The other big scene-stealer — and another ’90s movie hottie — was Mimi Rogers, who killed as a Pima, a celebrity photographer decked out in a proto-Annie Hall three-piece suit, complete with a dangling watch. “I can feel the tension of the need for my opinion,” she purred to newly mega-burly Stan (Jay R. Ferguson) before working her way through the art department, much like Terrence Stamp did to a traditional Italian family in Pier Paolo Pasolini’s “Teorema.” She hooked up with Stan and later put the moves on Peggy (Elisabeth Moss), who didn’t acquiesce but did consider at, and seemed more than a little jealous when Stan went into double entendre bragging mode.

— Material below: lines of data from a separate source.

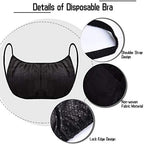 24 Pieces Disposable Nonwoven Bras Black Disposable Bra Women's Disposable Spa Bras Beauty Top Underwear Brassieres for Sunless Spray Tanning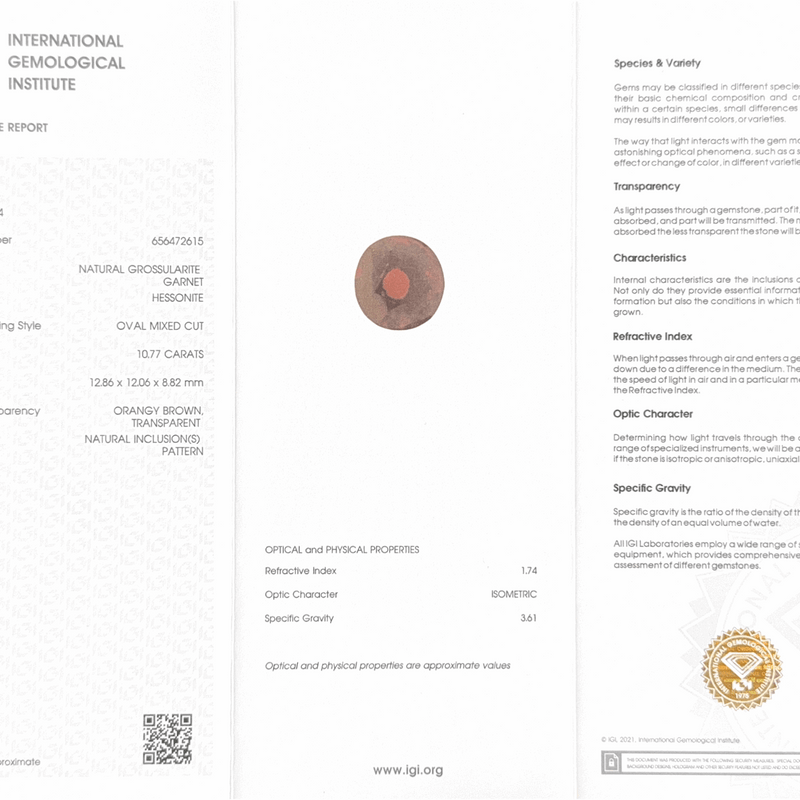 Hessonite (Gomed) - 10.77 Carat (Ceylon)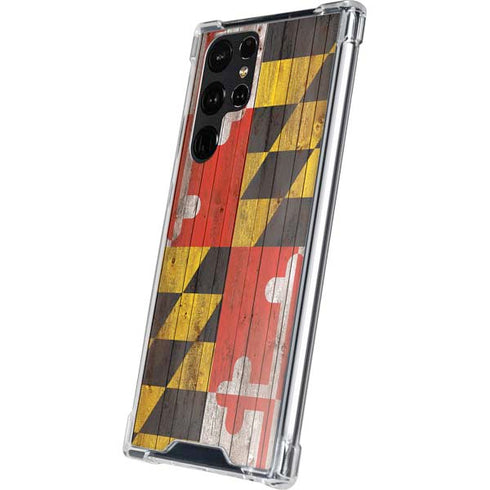 Maryland Flag Dark Wood Galaxy S24 Ultra Clear Case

“Imagine all the adventures I would have missed,” Pima told Peggy when talking about how neither has ever gotten hitched. Peggy, of course, hasn’t had too many adventures: just a handful of boyfriends of ill repute. (Though her possible new boo, played by the onetime Brian Krakow (Devon Gummersall), was AWOL this week.) She’s spent most of it in offices, working her way up, and working herself to death. More than anyone at SPC, she has the brightest future — or at least she has decades of casual gender condescension and non-equal pay to look forward to. But in terms of relationships and happiness, she has it only slightly better than Don. And look where he’s at.

Grade: A-

Token stray observations:
— This isn’t the first time “Mad Men” has decked out a car scene with old-timey rear projection, in which actors sit in a studio inside a car that’s doing no more than rocking while scenery is projected on screens all around them, giving the illusion of movement. It’s a tradition that died around the time “Mad Men”’s timeline began, as movies started being made in real locations, to appease a hipper audience. By 1969 any Hollywood film that featured it was officially a laughing stock, so using it here is a very, very funny joke. (And besides, “Mad Men” already isn’t cheap before you put Vincent Kartheiser and Jon Hamm on a country road in a car with a camera strapped to it.)

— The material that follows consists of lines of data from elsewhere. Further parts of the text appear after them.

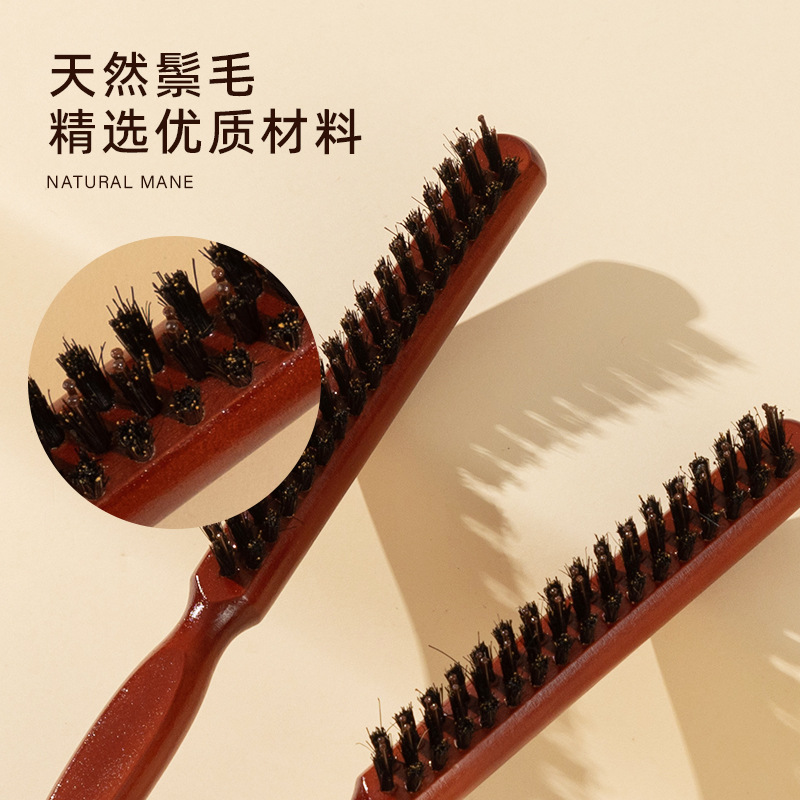 Peine de melena de cerdo Peine de belleza de tres filas Peine de cabello de noche Maquillaje de cabello Peine de cola puntiaguda Peine de cabello rizado para mujer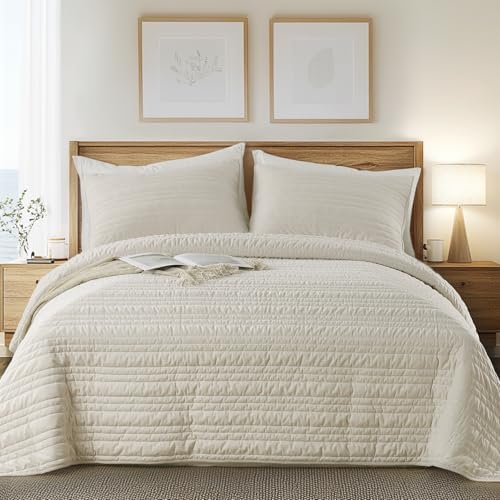 KASENTEX Queen Quilt Set 3 Pieces with Pillow Shams Light Khaki Velvet Bedding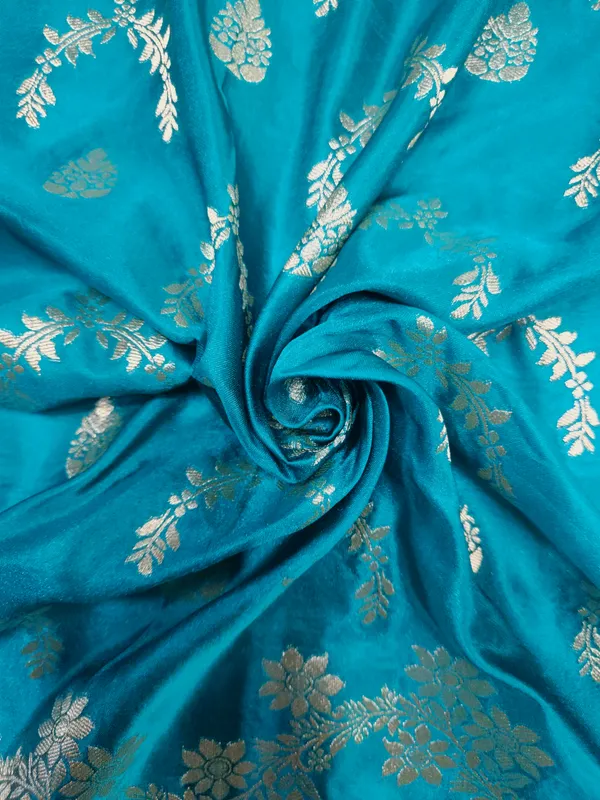 Turquoise_Woven_Floral_Saree_For_Women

— Enough can’t be said about Reaser’s work, especially as this might be the last time we see Diane. Even when she’s completely remote, which is most of the time, she quietly telegraphs so much. And when she’s turned on, she has the same tired-flirtatious moves you see in Anouk Aimee in “La Dolce Vita” — another character trying to destroy herself, albeit on the other end of the economic spectrum.
— As a friend noted, Betty becoming a psychiatrist is a hoot. She only talks about herself!